Ne discendeva, logicamente, una conseguenza pratica tutto sommato banale: se la Terza guerra mondiale doveva essere nucleare, tanto valeva che lo fosse fin dal principio: in pratica, dato che le forze convenzionali della Nato in Europa centrale non avrebbero avuto alcuna speranza di resistere a quelle del Patto di Varsavia e che quindi la Nato stessa sarebbe stata inevitabilmente costretta a ricorrere alle armi nucleari, tanto valeva colpire per primi e con decisione e condurre una guerra convenzionale in seconda istanza, sulle macerie fumanti e radioattive dell'Europa. Agli americani e agli europei sarebbe rimasto il diritto al "second strike", versione schizofrenica di un duello tra "gentiluomini".

Questo secondo pezzo di equivoco veniva in parte corretto sotto le amministrazioni Reagan, Bush (padre) e Clinton, dopo un lungo periodo di elaborazione della dottrina detta "Peace Through Strenght", ovvero pace attraverso la forza, su un concetto molto simile al classico "si vis pacem para bellum".

Il potere della deterrenza doveva già esercitare il proprio terribile efeftto dissuasivo in sede convenzionale: le famose "guerre stellari" essendo al momento un espediente solo per stressare criticamente le già corrose finanze dell'Unione Sovietica.

Ma la dissoluzione dell'Unione Sovietica e del Patto di Varsavia annunciò nuovi scenari.

Un documento segreto prodotto nel 1995 dallo Strategic Advisory Group (le teste d'uovo americane che si occupano di alta strategia) intitolato "Essentials of Post-Cold War Deterrence" dettava le linee guida di una deterrenza che aveva a che fare con il proliferare delle potenze nucleari, basandole su una preliminare definizione di gerarchie di valori che concentrasse l'attenzione su questi ultimi e non sulle Armi di distruzione di massa che potevano minacciarli o che si sarebbero usate per rispondere ad un attacco. Così sottolineava l'importanza di una deterrenza che cominciasse già dalle armi convenzionali, e arrivava ad una conclusione che vi avevo concettualmente anticipata, ma che ufficialmente entrava a far parte della dottrina strategica americana.

«Il fatto che qualche elemento possa apparire potenzialmente "fuori controllo" può essere positivo, creando e rinforzando paure e dubbi nelle menti dei "decision maker" avversari. Questo essenziale senso di paura è la forza operante della deterrenza.
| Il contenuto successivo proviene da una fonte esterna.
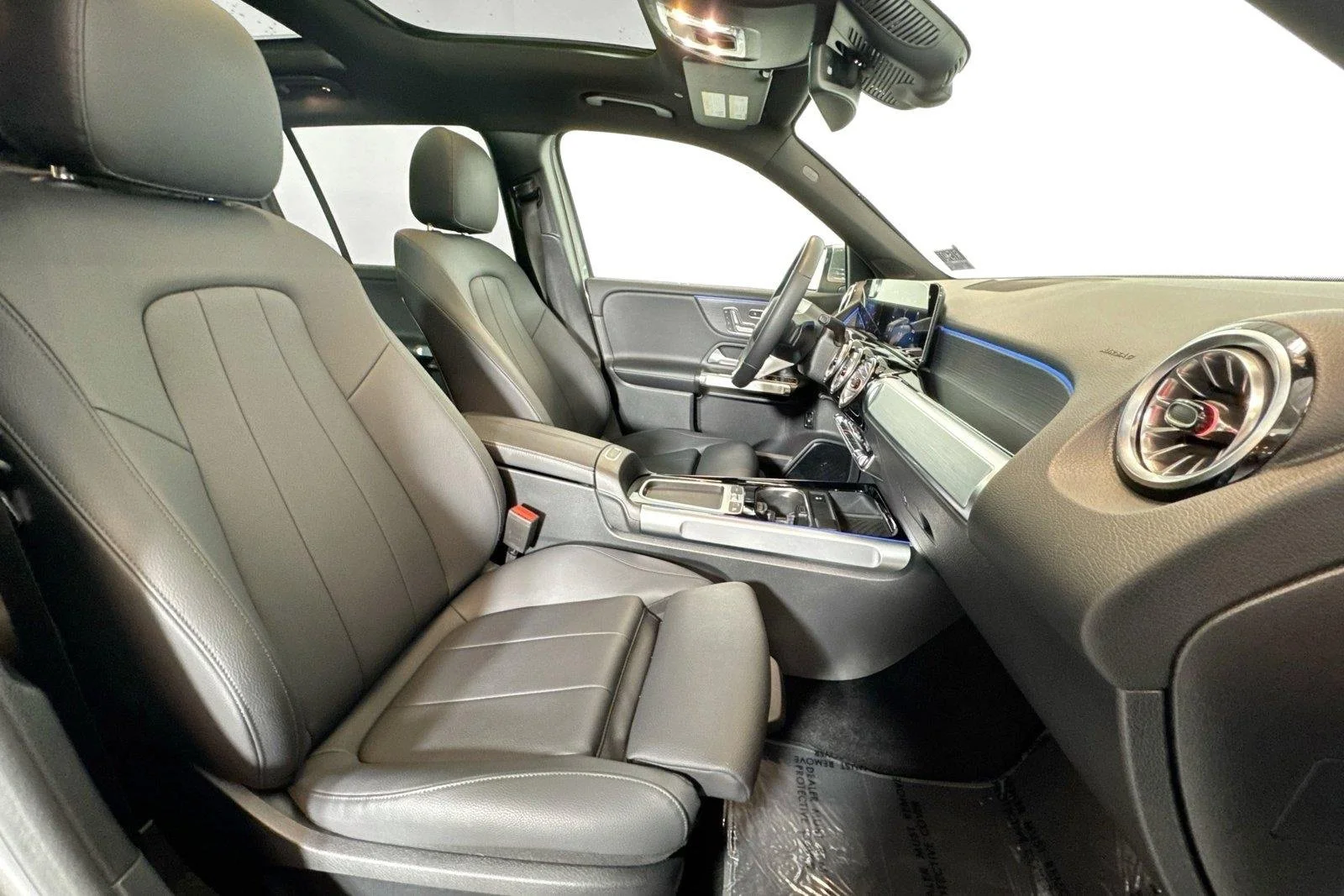Used 2026 Mountain Grey Metallic Mercedes-Benz GLB 250 image 27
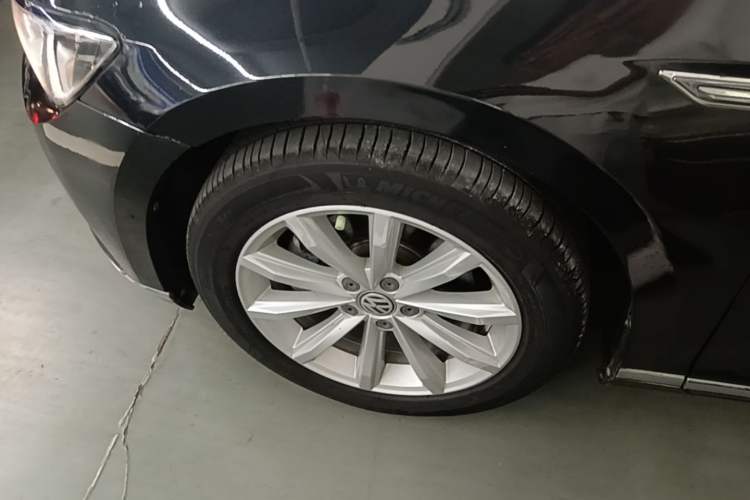 Used Volkswagen Magotan 2018 330TSI DSG Advanced Model Left Front Wheel Hub
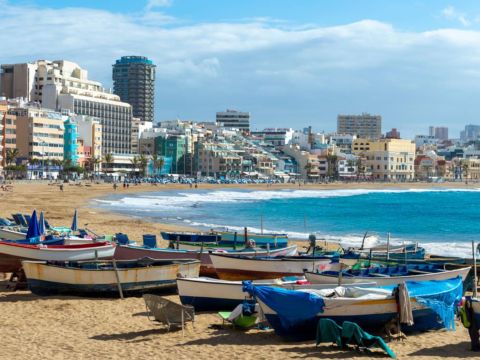Sole Beachstay: Las Canteras Apt with Terrace Entorno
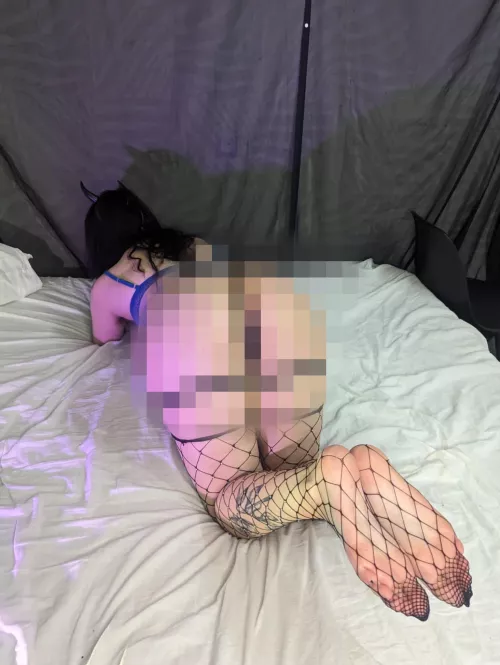 Now you can just focus on my soles <3 by sipetinh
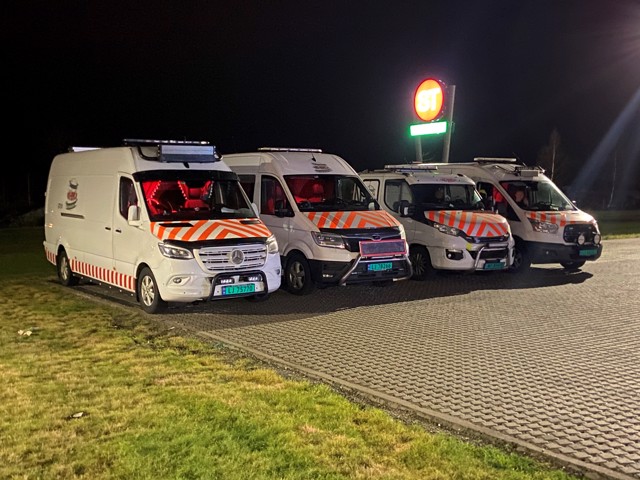 En god hvil før avreise senere på natten - Tre av kollegene i #rasktlevert har parkert for å sove noen timer før avreise senere på natten. #bredlast #Spesialtransport #convoy
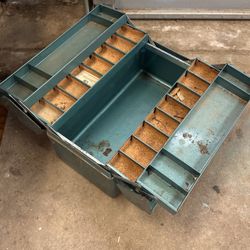 antique tool box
Che gli Stati Uniti possano diventare irrazionali e vendicativi se i suoi interessi vitali sono attaccati, dovrebbe essere parte dell'immagine che proiettiamo su tutti i nostri avversari»

La deterrenza, quindi, funziona se è "equivocamente" credibile e qui, dunque, sciogliamo l'ultimo e più grande equivoco che alligna proprio in quel "si vis pacem para bellum" che è così saldamente entrato nelle nostre menti.

Purtroppo non c'è sufficiente spazio di razionalità nella guerra da consentire a chi la prepara di farlo a vantaggio della pace: la guerra va preparata pensando alla guerra stessa e al massimo ottenendo la pace come risultato, mi si passi il cinismo, accessorio, come conseguenza, desiderabile, ma indiretta.

Il rischio è infatti quello di condizionare la grammatica della guerra, come direbbe von Clausewitz, e di giungere gravati da distinguo, timidezze e reticenza ad un conflitto.

Corea del Nord ed Iran sposano questa dottrina: quanti dubbi e paure insinuano dentro di noi con le loro armi nucleari? ed è l'Occidente altrettanto capace di insinuarne in loro di ancora più grandi e terribili o non piuttosto cede alla voglia di ragionevolezza e di buonsenso?

Senza dimenticare poi che i percorsi per indviduare quale deterrenza funzionerebbe contro un pericolo terrorista dotato di armi di distruzione di massa, sono molto confusi e difficili da esplorare, ma questo è ancora un altro discorso.

Si apre lo spazio per una deterrenza "creativa", indirizzata verso perfidie sottili, sconvolgenti e inquietanti, molto più terribili per un avversario della "semplice", rozza fine del mondo.